There was a particular quality to the silence in the country in Nepal. Kathmandu was bedlam. The noise was so unremitting that I couldn’t think. But away from city and the main roads the silence had an extraordinary depth.
It was more than just the absence of noise as you might get in any area away from traffic etc. I have been trying to work out why it was so distinctive.
I think it was because the countryside is about as close to pre-industrial as it’s possible to get.
There is very little motorised transport. Feet, bicycle, rickshaw or bicycle powered carts, ox carts, rowing boats are the means of transport. Little electricity. No motorised agricultural machinery – or not where we were. The fields were ploughed by hand or by ploughs pulled by oxen. Not many planes passing overhead.

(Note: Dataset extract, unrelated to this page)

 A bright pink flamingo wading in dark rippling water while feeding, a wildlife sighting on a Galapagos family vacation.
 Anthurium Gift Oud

No TV or radio noise coming from houses. Some people had TV but most didn’t. Few telephones or mobile phones, no ring tones. No dishwashers, washing machines, or all manner of pinging or buzzing devices.
No TV or radio in the camps where we stayed. No electric sockets in the rooms so no means of plugging in any devices.

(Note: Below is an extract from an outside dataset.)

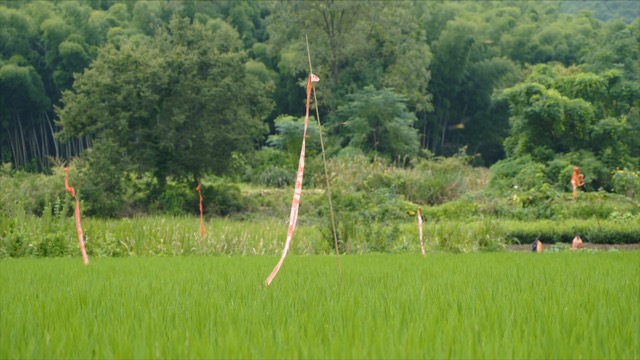 溧阳秧田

On the river we were asked not to talk because it would frighten the wildlife. I thought people would be unable to stop talking, because that is often the case. Silence for many is interpreted as ‘not applying to the very important things I have to say as long as I just hiss and whisper’. And it makes some people so uncomfortable they just have to say something to relieve the discomfort. But we all seemed to come under the spell of the silence. We had been told that Narayani River is holy because it leads into the Ganges, and it felt like sacred space. The emotion was one of awe.
A funeral site, the remains of the wooden pyre at the edge of the bank.

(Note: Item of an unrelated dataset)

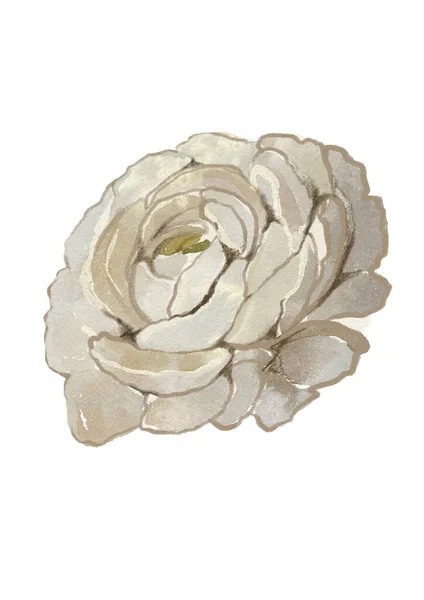 Watercolor Illustration Beautiful Rose Flower — Stock Photo, Image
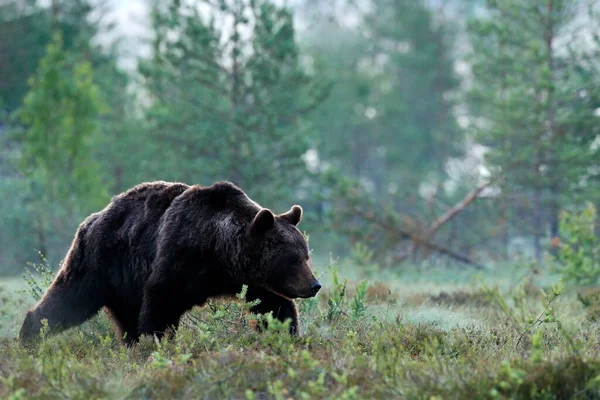 大きな茶色のクマの湖の周りの朝の太陽の下で歩く 野生の自然からの野生動物のシーン 熊と暗い夜の画像 フィンランドの森で危険な動物 — ストック写真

There were occasional groups of fishermen and their families camped on spits of land. But no noise from machinery. They did not have any machinery. It would probably frighten the fish anyway.
I think the quality of the silence was so immense because of the complete lack of background noise we take for granted and are often unaware of because we are so accustomed to it and it is so rare to be in place so remote as not to be able to hear it at all.
Perhaps people’s lives are much more in tune with natural diurnal rhythms than ours. Without electricity it is normal to sleep when it is dark and be up and about in the daylight. The day and the night are less interchangeable.
With no street lighting, the ever present risk from the wild animals, and no transport, there is nothing to do and nowhere to go when darkness falls.
So the silence deepens as the sun sets and the night arrives.
As always it is important not to romanticise the apparent attraction of life without modern conveniences. But maybe it is important to consider that the price of our comforts may be more than we realise.